Discussion in 'Star Trek Movies XI+' started by brian577, Mar 7, 2013.
Some people actually think that the first WTC plane was a hologram.
That's from the Countdown comic prequel to the movie, which STO uses as backstory.
As a character, he was inarguably a weak villain. But he was the type of villain this story needed. In a way (just in a way) he was a MacGuffin. He was just the excuse for all the action. He was a one-dimensional pissed off guy with a big gun and he had to be stopped. But while he had to be stopped, the real goal of the movie was the bring the original seven together on the Enterprise.

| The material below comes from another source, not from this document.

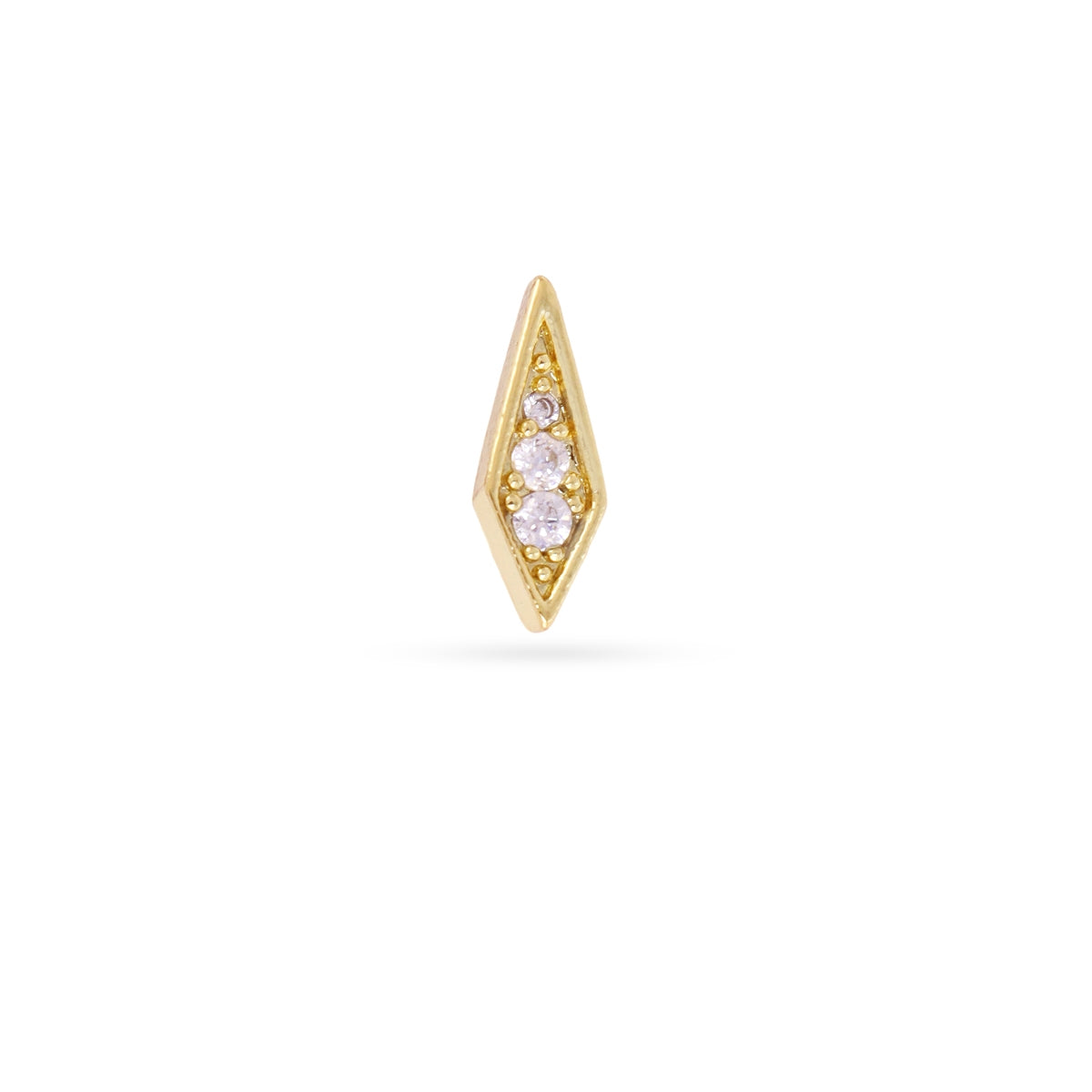 Piercing rombo circonita Dorado Anartxy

Now, a villain like him in a movie where the seven are a crew and more established (like in "Into Darkness") would be indeed terrible. I'll bet credits to navy beans we don't have to worry about that, though.
Well, it's the storytelling decision they made, and we have to live with it. Still, if someone wrote an "imaginary tale" of unification (like the DC Comics "imaginary stories"), I'm sure it would have its buyers.

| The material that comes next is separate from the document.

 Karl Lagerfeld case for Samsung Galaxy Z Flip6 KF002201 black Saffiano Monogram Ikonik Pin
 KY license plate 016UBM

Or maybe this is the one thing that will finally bring about the reunifcation? There must be millions of Romulans off-world by the time Romulus was destroyed, so maybe they decide to make Vulcan their new "home planet".
Path to 2409 describes the empire trying to decide on a new capital from among their remaining worlds.
Which they already settled on its just weirdly in federation space apparently, honestly I blame the map for that one.
They also have a new group led by a member of the reunification movement who have also settled on a new planet after the Empire goes civil warish later in the game, really nice guy and really nice new planet you get to help them settle into.
The plot definitely would have made more sense if the Federation actually was the cause of the star blowing up and the death of the miner's families. Something like Starfleet was trying to stabilize a star inside the Empire and it went all wrong.
I'll take that bet. For the movie's villain, we're going to get yet another mentally unbalanced individual, who blames the Federation for something that happen to him, and feels justified in seeking some form of revenge.
Of course if that not essentially the (tired old) plot of the next movie, I'll apologize.
I've listened to a bit of it. 47:35 is then the Abrams stuff comes up, and it's about the Countdown comic. The guy says the original script for Countdown killed Worf, Picard and Riker and destroyed Earth, and it was them (Cryptic) saying how badly it would screw up their story for STO that got it changed.
The stuff about the novels (which comes up earlier) is basically the guy being suprised that CBS has allowed the novels to make the big changes in the Trekverse that they have, and him speculating that they might not care or read them because they wouldn't ever allow STO to make similar changes.
What does that have to do with Earth?
And weren't the Romulans depicted as a society that lives off of conflict? After all, the whole entire point of Balance of Terror was to spark another war between the Federation and the Romulans.
So Nero's idea of Romulus being free of the Federation is actually counter productive.
Nero isn't in the Romulan power structure. His ideas would be different than the Praetor, the Senate or a military commander. His ideas about the UFP would be shaped by Romulan propaganda.
Because Earth is the captial of the Federation. And believing the Federation deliberately allowed Romulus to be destroyed, of course he'd want to strike against it.
IIRC, the Romulan Commander did not want war, he was just following the orders of the Praetor. Nero was out for personal vengeance after his wife, unborn child and entire world was obliterated. Different people, different circumstances.
If you really want a firestorm, say the Iconians also influenced section 31 for a long time.
After all, isn't it odd how Praxis went up, and later the supernova that wiped out Romulus? A one-two punch that dealt with the Federation's worst neighbors
Nero makes a point of disassociating himself from the Romulan leadership. He is not known to have been part of the Romulan military or official structure at any time previously and—even if it wasn't always so—he now considers himself and his crew to be outside of (and separate from) that society.
That would make sense?
Worse that Gorgan, the Friendly Angel?
Worse than "God" from TFF?
Worse than Armus, the living oil slick that killed Tasha Yar?
Worse than the Wadi from "Move Along Home"?
Worse than Ronin from "Sub Rosa"?
Worse than the Pakleds?
Worse than Shinzon?
Uummmm..... no. Just... no.
"God" was in TFF, not TVH.
I loved Armus!
Actually yes. To all of them. Nero is that bad.